### WORK INSTRUCTIONS
Extract only the lines from the start of the entries below to the line with "Good American U", inclusive; omit every picture.

### Items from a data source
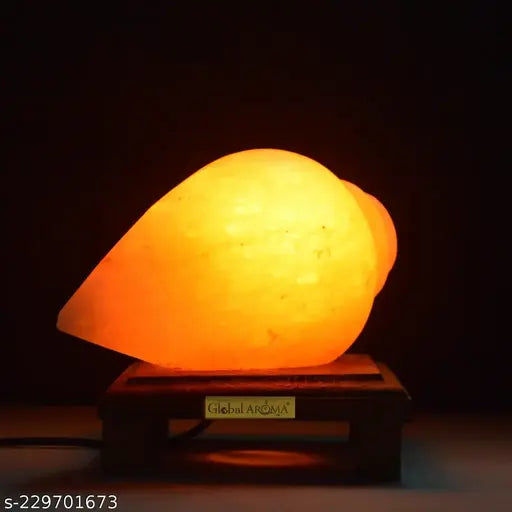 Global  Natural Himalayan Rock Salt Shankh Shape Lamp (Natural/Orange, 2-3 kg)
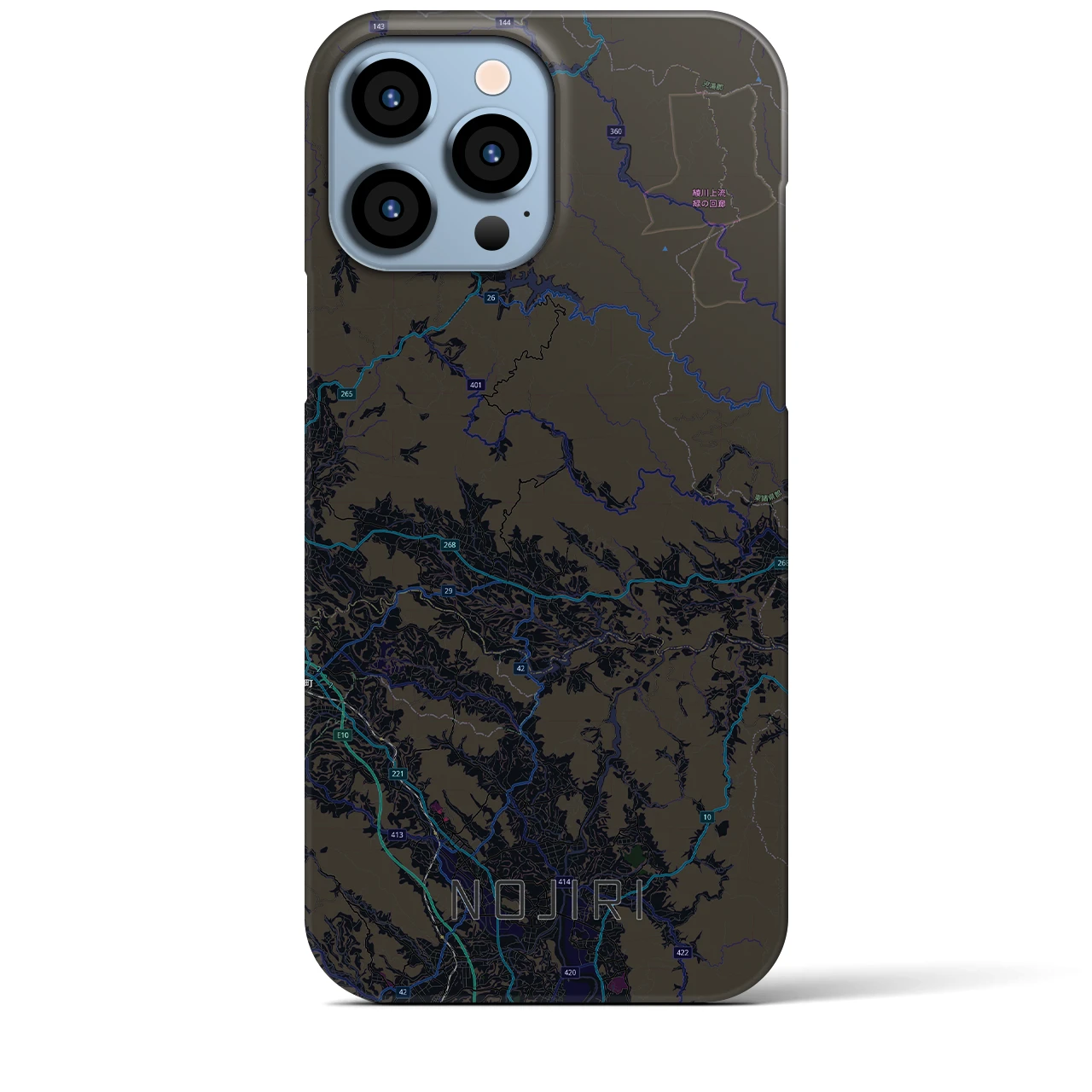 【野尻(宮崎県)】地図柄iPhoneケース(バックカバータイプ)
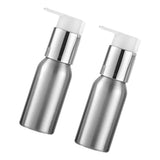 Maxbell 2x Empty Makeup Shampoo Pump Bottles Aluminum Cream Lotion Containers 50ml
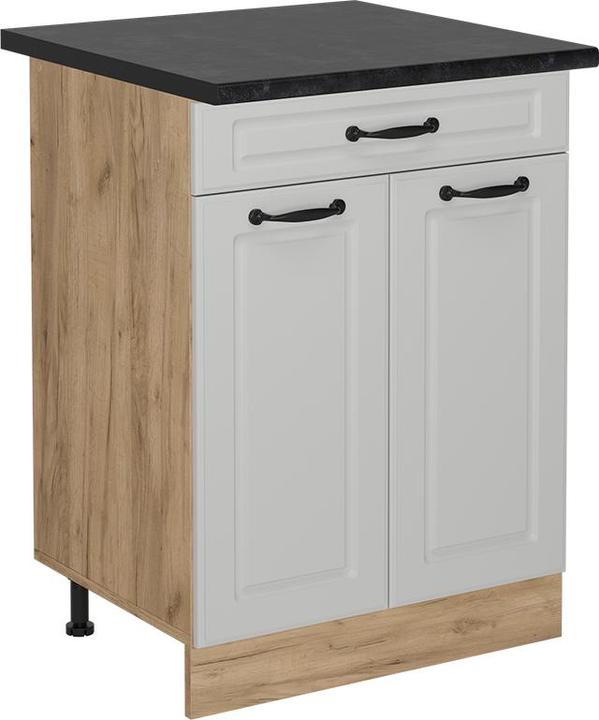 Produktbild Vicco Küchenunterschrank R-Line, Weiss Landhaus/Goldkraft Eiche, 60 cm mit Schublade, AP Anthrazit
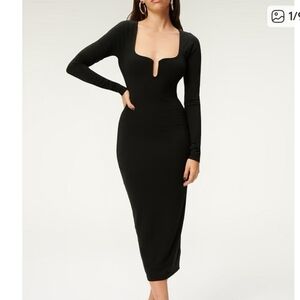Good American U Ring Compression Square Neck Long Sleeve Midi Sheath Dress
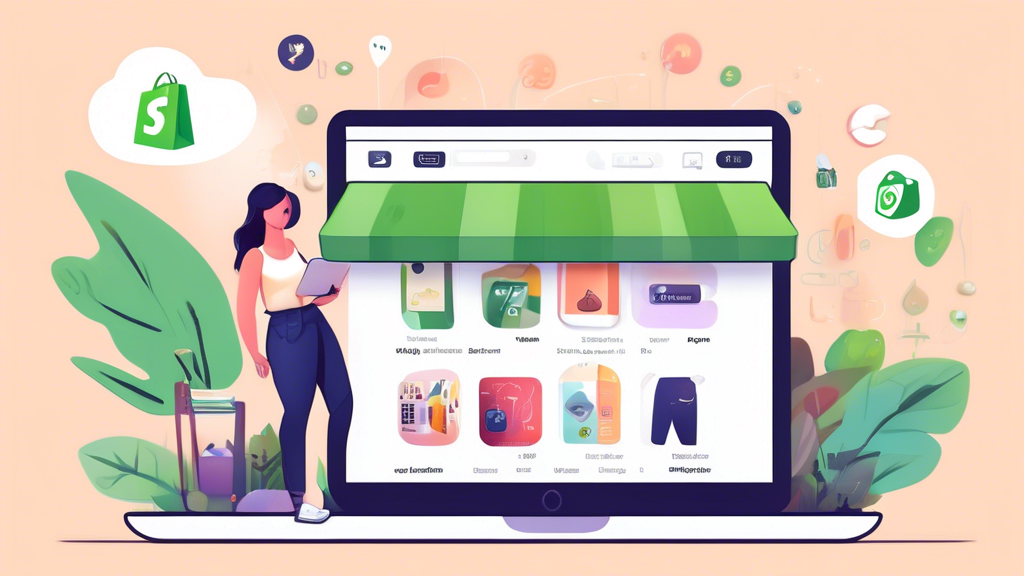 An illustration of a Shopify app store with various apps that are designed to make the Shopify experience more user-friendly. The apps should be visually appealing and easy to understand. The overall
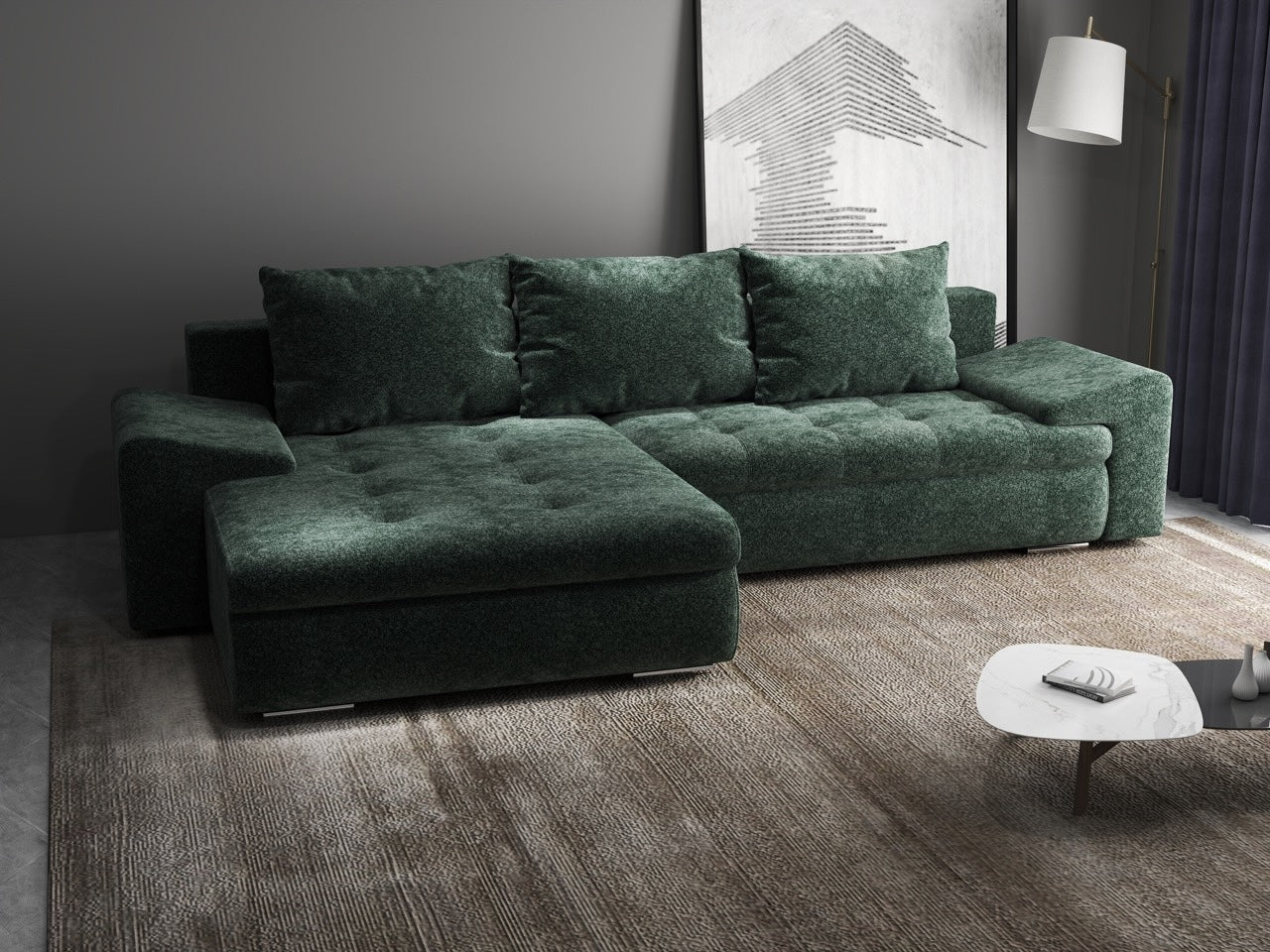 Colțar extensibil dumonde cu ladă de depozitare si sezut confortabil din spuma HR, Leonardo Euphoria Verde 260x185 cm Fabrica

### WRITTEN ANSWER
 Global  Natural Himalayan Rock Salt Shankh Shape Lamp (Natural/Orange, 2-3 kg)
 【野尻(宮崎県)】地図柄iPhoneケース(バックカバータイプ)
 Maxbell 2x Empty Makeup Shampoo Pump Bottles Aluminum Cream Lotion Containers 50ml
 Produktbild Vicco Küchenunterschrank R-Line, Weiss Landhaus/Goldkraft Eiche, 60 cm mit Schublade, AP Anthrazit
Good American U Ring Compression Square Neck Long Sleeve Midi Sheath Dress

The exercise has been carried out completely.